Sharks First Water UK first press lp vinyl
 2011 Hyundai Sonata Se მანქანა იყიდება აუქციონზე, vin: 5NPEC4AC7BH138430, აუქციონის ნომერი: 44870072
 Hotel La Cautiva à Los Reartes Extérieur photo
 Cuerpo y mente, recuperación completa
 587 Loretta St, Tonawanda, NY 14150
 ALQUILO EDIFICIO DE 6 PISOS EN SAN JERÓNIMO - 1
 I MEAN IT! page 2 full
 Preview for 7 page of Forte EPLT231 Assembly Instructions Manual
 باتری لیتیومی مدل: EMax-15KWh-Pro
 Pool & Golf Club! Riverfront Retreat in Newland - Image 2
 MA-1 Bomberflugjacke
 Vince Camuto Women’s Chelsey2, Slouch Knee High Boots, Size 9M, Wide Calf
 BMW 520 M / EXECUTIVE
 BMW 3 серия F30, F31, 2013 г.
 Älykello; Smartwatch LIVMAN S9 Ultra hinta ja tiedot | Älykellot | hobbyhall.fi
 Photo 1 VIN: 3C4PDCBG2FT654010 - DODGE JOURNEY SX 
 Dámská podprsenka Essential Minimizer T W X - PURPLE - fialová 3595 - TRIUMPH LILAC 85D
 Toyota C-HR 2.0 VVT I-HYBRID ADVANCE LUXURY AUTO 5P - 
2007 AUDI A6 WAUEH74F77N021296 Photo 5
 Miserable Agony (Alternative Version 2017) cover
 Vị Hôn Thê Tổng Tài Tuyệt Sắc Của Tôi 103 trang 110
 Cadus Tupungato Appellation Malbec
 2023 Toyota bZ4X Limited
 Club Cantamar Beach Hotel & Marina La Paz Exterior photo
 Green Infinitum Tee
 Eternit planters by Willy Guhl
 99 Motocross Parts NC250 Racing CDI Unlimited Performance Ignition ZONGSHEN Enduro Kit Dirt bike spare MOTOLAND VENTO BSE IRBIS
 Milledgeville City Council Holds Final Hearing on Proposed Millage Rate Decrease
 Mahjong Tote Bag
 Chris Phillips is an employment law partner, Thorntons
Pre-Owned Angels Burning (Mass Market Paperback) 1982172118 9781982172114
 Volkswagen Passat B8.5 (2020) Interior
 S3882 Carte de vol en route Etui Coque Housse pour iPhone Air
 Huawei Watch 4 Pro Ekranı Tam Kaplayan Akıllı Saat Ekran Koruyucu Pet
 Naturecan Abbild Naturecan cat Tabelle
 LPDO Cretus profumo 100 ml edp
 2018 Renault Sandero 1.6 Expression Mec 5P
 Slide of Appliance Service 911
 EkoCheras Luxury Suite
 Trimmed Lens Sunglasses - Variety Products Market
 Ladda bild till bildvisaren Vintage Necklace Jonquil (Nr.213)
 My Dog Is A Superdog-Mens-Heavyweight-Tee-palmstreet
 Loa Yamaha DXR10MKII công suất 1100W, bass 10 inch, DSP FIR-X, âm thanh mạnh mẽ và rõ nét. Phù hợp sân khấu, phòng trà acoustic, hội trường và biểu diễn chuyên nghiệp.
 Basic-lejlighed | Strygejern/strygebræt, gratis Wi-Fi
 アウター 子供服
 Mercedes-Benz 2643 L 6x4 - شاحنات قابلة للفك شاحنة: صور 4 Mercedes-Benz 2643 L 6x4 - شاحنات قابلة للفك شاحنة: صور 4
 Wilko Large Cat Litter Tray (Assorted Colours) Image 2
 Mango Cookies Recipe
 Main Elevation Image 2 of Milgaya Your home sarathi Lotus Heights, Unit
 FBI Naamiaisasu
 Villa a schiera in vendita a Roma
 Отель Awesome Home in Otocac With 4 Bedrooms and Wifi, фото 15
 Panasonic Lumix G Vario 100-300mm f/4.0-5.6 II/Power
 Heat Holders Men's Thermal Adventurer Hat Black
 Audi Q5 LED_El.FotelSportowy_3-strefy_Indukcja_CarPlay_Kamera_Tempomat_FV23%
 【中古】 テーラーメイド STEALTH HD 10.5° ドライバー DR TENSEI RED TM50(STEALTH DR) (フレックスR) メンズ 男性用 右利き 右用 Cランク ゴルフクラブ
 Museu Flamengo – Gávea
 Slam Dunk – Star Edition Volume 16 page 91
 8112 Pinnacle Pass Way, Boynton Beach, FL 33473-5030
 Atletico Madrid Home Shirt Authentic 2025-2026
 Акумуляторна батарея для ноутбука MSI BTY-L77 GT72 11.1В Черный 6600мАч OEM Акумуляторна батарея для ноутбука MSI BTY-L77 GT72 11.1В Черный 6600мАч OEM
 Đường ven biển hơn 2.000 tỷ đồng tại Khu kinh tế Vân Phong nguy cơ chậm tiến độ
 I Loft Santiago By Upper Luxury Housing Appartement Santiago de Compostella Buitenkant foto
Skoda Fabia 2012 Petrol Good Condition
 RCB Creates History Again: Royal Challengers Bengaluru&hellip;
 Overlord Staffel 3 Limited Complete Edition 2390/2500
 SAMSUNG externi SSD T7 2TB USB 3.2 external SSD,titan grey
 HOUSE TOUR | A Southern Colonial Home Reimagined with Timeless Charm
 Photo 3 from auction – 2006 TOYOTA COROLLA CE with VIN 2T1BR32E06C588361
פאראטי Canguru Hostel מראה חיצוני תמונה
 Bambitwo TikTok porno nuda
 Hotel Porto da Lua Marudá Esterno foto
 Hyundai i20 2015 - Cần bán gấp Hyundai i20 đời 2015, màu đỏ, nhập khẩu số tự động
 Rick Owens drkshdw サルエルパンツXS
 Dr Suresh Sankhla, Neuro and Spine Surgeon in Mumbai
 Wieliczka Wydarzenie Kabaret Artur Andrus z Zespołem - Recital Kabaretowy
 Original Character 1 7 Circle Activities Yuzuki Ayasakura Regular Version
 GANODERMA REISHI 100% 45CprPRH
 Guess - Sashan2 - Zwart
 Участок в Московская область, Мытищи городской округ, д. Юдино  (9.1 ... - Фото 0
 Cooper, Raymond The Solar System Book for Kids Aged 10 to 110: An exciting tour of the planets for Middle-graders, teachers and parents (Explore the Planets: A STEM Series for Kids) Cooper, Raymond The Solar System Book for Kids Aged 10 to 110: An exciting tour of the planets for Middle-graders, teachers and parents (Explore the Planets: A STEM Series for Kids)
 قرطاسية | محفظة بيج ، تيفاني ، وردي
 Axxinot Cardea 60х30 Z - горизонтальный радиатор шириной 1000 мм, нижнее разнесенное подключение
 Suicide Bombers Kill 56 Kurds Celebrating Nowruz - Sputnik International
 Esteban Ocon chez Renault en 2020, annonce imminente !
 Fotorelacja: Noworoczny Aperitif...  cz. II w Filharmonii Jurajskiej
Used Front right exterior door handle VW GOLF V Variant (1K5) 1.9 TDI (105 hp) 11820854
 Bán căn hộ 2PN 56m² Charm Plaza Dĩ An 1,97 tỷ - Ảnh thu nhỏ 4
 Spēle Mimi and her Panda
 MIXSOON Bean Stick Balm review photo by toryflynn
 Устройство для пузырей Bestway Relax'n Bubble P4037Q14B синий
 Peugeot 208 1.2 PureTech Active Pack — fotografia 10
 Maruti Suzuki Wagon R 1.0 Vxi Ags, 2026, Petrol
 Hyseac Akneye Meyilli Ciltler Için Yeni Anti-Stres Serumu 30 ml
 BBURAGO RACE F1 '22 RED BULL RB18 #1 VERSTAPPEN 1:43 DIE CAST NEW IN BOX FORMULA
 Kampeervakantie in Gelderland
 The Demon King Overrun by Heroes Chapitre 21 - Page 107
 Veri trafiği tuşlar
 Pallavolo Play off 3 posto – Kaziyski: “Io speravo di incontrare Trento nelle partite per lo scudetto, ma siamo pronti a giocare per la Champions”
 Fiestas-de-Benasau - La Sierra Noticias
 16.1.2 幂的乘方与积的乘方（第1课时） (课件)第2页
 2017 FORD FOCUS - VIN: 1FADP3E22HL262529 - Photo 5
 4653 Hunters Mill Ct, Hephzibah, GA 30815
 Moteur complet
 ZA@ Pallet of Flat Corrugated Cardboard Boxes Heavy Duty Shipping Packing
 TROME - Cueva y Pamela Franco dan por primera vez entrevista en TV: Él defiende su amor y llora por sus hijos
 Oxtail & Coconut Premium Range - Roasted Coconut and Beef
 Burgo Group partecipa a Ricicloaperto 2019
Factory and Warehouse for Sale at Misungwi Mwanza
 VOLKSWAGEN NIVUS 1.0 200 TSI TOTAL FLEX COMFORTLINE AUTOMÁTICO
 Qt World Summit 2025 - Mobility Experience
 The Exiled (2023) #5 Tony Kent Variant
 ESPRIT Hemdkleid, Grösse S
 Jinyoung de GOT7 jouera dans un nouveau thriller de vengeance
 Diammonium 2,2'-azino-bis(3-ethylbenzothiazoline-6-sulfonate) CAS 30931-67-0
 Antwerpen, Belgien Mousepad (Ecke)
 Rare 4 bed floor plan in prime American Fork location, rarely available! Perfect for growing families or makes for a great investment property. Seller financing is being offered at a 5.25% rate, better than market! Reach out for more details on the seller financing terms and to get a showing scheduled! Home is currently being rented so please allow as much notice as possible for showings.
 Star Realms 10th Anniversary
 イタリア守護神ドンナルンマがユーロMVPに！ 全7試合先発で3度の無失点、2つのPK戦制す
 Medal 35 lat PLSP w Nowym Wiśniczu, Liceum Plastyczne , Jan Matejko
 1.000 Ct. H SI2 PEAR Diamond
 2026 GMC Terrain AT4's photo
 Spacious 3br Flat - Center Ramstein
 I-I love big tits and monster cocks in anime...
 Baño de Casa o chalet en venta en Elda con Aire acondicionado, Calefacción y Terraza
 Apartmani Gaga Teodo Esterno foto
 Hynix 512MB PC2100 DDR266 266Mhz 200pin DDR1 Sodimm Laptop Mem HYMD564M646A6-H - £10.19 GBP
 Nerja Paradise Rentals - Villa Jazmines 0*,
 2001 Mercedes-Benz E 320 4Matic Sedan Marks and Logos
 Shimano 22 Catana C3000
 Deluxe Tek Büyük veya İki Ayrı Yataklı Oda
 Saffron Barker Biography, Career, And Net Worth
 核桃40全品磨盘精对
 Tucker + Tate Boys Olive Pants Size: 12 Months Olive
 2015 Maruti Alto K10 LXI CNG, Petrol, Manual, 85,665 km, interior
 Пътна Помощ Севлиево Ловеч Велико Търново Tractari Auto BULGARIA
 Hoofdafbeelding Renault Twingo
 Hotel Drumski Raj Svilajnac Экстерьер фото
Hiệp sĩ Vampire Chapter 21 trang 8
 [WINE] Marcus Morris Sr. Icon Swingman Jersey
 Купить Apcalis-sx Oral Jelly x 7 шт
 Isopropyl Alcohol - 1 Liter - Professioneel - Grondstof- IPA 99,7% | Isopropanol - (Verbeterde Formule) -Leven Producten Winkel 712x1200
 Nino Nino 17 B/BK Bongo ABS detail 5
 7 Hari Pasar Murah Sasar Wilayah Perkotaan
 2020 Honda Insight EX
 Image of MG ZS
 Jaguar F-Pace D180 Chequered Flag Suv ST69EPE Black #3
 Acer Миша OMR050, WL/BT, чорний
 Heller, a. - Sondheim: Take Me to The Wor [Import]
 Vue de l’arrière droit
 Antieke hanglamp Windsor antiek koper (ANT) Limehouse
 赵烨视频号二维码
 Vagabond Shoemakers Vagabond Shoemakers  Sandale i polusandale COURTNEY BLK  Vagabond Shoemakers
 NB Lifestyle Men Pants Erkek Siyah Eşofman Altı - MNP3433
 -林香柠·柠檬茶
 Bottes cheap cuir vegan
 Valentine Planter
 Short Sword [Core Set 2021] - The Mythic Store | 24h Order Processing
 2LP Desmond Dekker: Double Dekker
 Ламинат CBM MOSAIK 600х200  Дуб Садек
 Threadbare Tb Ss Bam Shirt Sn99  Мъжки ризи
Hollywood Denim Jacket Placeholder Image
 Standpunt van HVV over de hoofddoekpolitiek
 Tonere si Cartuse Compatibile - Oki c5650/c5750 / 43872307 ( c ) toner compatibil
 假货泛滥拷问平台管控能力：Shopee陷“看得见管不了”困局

→ **Instructions for the task**
The entries above hold a line with "Basic-lejlighed | Strygejern/strygebræt, gratis" and a later line with "Panasonic Lumix G". Write out exactly those lines and all lines between, nothing more.

→ **Result of the task**
 Basic-lejlighed | Strygejern/strygebræt, gratis Wi-Fi
 アウター 子供服
 Mercedes-Benz 2643 L 6x4 - شاحنات قابلة للفك شاحنة: صور 4 Mercedes-Benz 2643 L 6x4 - شاحنات قابلة للفك شاحنة: صور 4
 Wilko Large Cat Litter Tray (Assorted Colours) Image 2
 Mango Cookies Recipe
 Main Elevation Image 2 of Milgaya Your home sarathi Lotus Heights, Unit
 FBI Naamiaisasu
 Villa a schiera in vendita a Roma
 Отель Awesome Home in Otocac With 4 Bedrooms and Wifi, фото 15
 Panasonic Lumix G Vario 100-300mm f/4.0-5.6 II/Power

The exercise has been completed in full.